18 June 2009

Remember the $134 BILLION in a suitcase?

I posted a link to the Der Spiegel report three days ago, but hadn't encountered any followup since then. This morning I finally ran across a commentary, most of which focuses on why the bonds are likely counterfeit:
(2) According to a brief Bloomberg article regarding this story, the seized bearer bonds allegedly were dated as of 1934. Since bearer bonds in denominations of $500 million did not exist in 1934, the bonds were deduced as fake... How can the quality of the forged bearer bonds be so meticulous that they “are indistinguishable from the real ones”, yet the people involved in the alleged forgery so ill-informed as to not date the bearer bonds with a more recent year that would not immediately identify them as fraudulent? How hard would it have been to date the bearer bonds with a more recent year?

(4) On March 30, 2009, the US Treasury Department announced that USD $134.5 billion remained in its Troubled Asset Relief Program [TARP]. The stated amount of seized bearer bonds was $134.5 billion. Coincidence?..

(6) The bearer bonds were discovered in a hidden briefcase compartment after a customs inspection. Again, if the bonds were indeed authentic and owned by a nation state, they could have been transported in a diplomatic pouch exempt from customs searches that would have guaranteed transport without detection...

Still, the interesting part of this story, at least to me, is that the smugglers seemed intent on being caught with the counterfeit bonds. This leads me back to my previous question. What possible reason would the smugglers have for wanting to be caught? One of the quickest ways to sabotage and usher in the death of a currency is to raise legitimate questions about its ability to withstand counterfeiting efforts. Prove that counterfeiting is not only possible but highly likely, and the world’s confidence in the sabotaged currency will undoubtedly plummet.

In fact, this very tactic was applied during World War II when the Nazis launched Operation Bernhard in an attempt to crash the British economy by producing, by 1945, 132 million expertly counterfeited British pounds...

Perhaps then, this $134.5.billion bearer bond mystery was an attempt of a nation state to shake the world’s confidence in the position of the US dollar as the world’s reserve currency...
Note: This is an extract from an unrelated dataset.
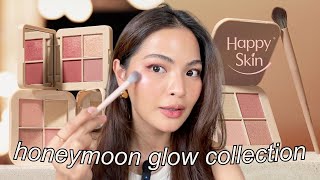 NEW HAPPY SKIN HONEYMOON GLOW COLLECTION… 🤐 [upl. by Pouncey986]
The larger story at hand is, who are the players (nations) involved, and what was the intention of this likely counterfeiting operation? Maybe the future will reveal the answers to these questions. But maybe not.
More at the link. Interesting.

3 comments:

  1. Sounds like more paranoid garbage from Ron Paul.

    ReplyDelete
  2. I'd be curious what you think it is or what you might have heard/read elsewhere as a sensible explanation. Just some amateur forgers making billion-dollar securities?

    ReplyDelete
  3. I'll reserve my opinion until some actual evidence comes out from their trial. Speculation is not evidence.